The next task is to ask LUSID to generate holdings (positions) for the instruments in our portfolio. Note the following about holdings:

  • LUSID generates a holding on-the-fly by decomposing all the events impacting a particular instrument into their underlying economic movements: these events can be transactions (buys and sells), any manual holdings adjustments you have made, and any corporate actions that affect that instrument (such as a stock split).

  • Each event has a transaction type that controls how and when the holding is updated, whether the effect is positive or negative, and whether other holdings are impacted. For example, the built-in Buy transaction type increases an equity holding by the number of units purchased, and simultaneously decreases your cash holding by the total consideration. You can of course configure transaction types to specify your own economic impacts.

  • A cash holding in a particular currency may therefore be determined by events impacting cash directly (such as an injection of funds using the built-in FundsIn transaction type), but also by events impacting other holdings, including other cash holdings.

  • By default, LUSID reports a single holding of type ‘position’ for non-cash instruments (such as equities and bonds), though you can change this using sub-holding keys. For cash, LUSID reports holdings of different types over time to reflect lifecycle events: ‘cash balance' for settled cash, ’cash commitment' for future payments, ‘cash receivable’ for expected income, and so on.

Read our holdings documentation.

We need to call the LUSID GetHoldings API, specifying the scope and code of the portfolio to generate.

Step 4 of the accompanying Jupyter Notebook demonstrates how to do this using the LUSID Python SDK. You can execute the Notebook in Jupyterhub for your LUSID domain and then sign in to the web app to see the current positions on the Dashboard > Holdings:

Valuing the portfolio

The final task is to configure LUSID to value the positions in our portfolio, aggregating up to asset class. Note the following about valuation:

  • LUSID requires market data to begin the pricing operation. For vanilla equities, this can simply be the current mid price sourced from a data vendor, but more complex instruments typically require complex market data such as FX rates or discount or interest rate curves.

  • Some instruments have lifecycles and/or cashflow implications that affect valuation. For example, a bond's value is affected both by its market price and the interest accrued to date, and has a maturity date after which the instrument drops out of valuations.

  • You must create a recipe that tells LUSID where to find market data, and which pricing model(s) and methodology to use to perform the valuation.

  • You must specify aggregation rules that tell LUSID how to report information in a meaningful way. It's possible to aggregate by properties you've created yourself, but in this case we can also take advantage of a built-in system property (the AssetClass queryable key) to aggregate our valuations by asset class (equities vs. bonds vs. cash).
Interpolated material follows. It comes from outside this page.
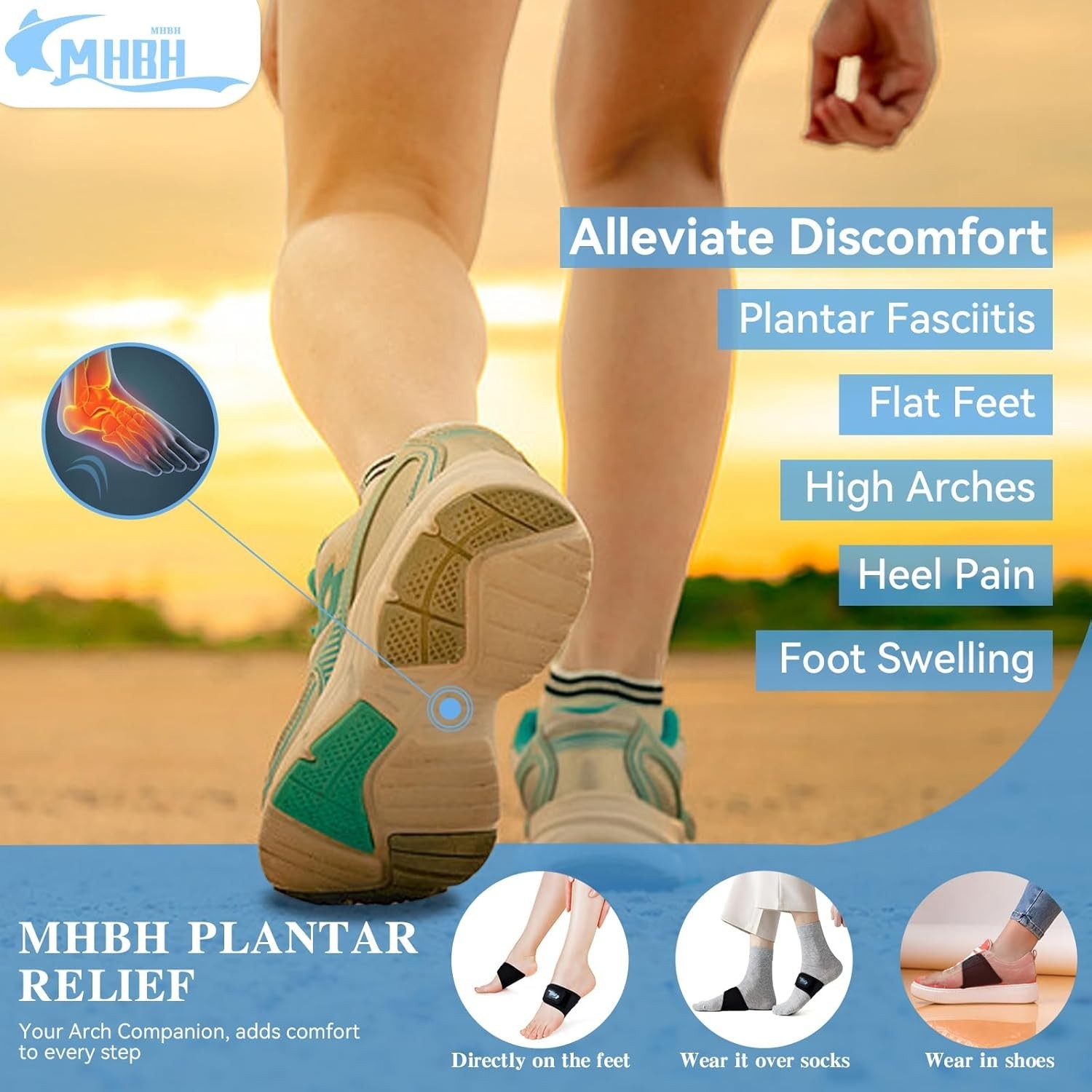 Upgraded Breathable Mesh Arch Support for Plantar Fasciitis – Two-Pack Gel Pads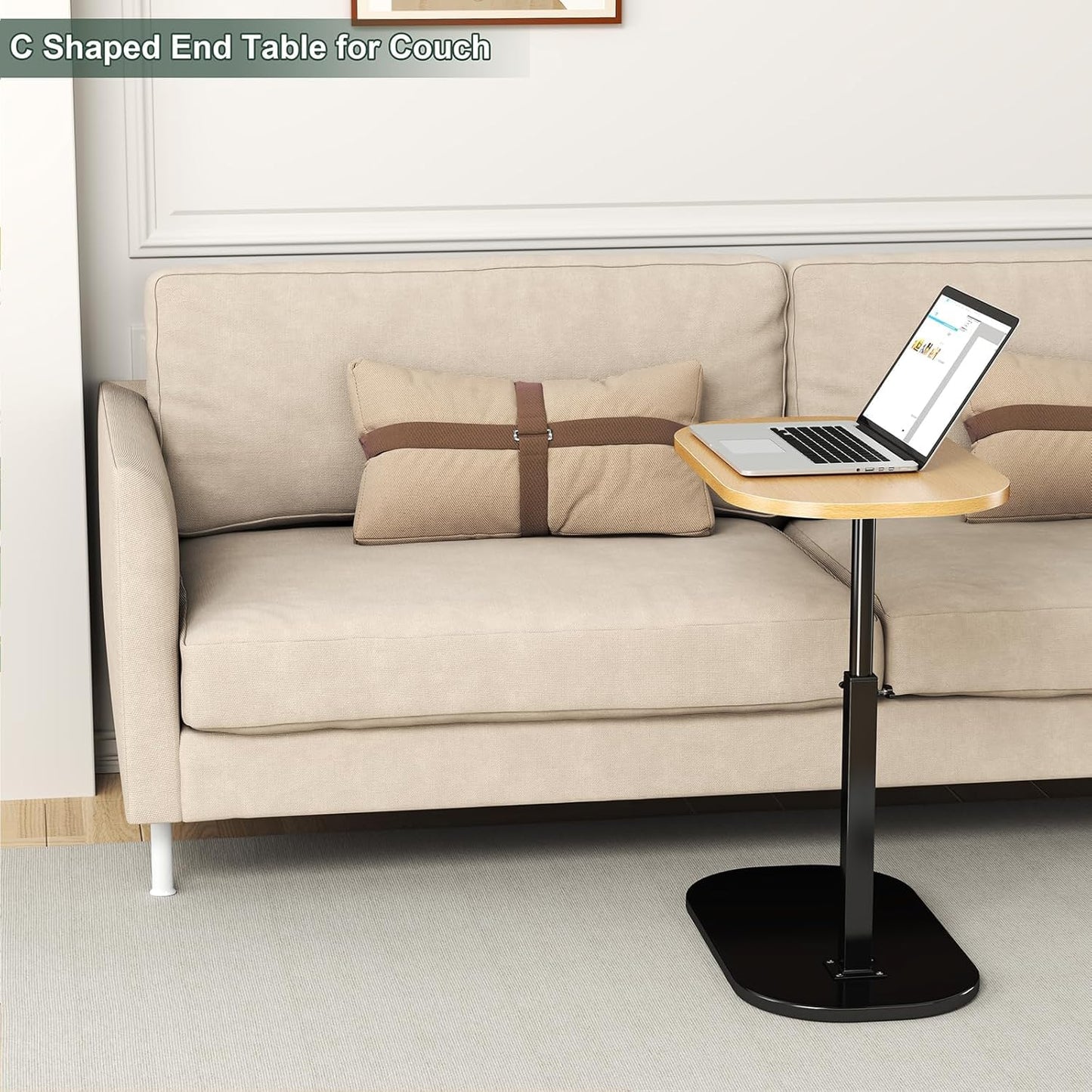 Small Height Adjustable C Shaped End Table for Sofa and Bed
Read our valuation documentation.

Once market data, a recipe and aggregation rules are in place, we can call the LUSID GetValuation API to actually perform the valuation.

Steps 5 and 6 of the accompanying Jupyter Notebook demonstrate how to do this using the LUSID Python SDK. You can execute the Notebook in Jupyterhub for your LUSID domain and then sign in to the web app to see aggregated valuations on the Dashboard > Valuations.

Note to see the dashboard as it is below, you need to click the cog icon (highlighted middle right), choose Add column, select the Queryable Key with an Address Key of Instrument/AssetClass (value), drag it to the grouping position (highlighted left) and set the Effective date to 01/01/2022 (highlighted top right).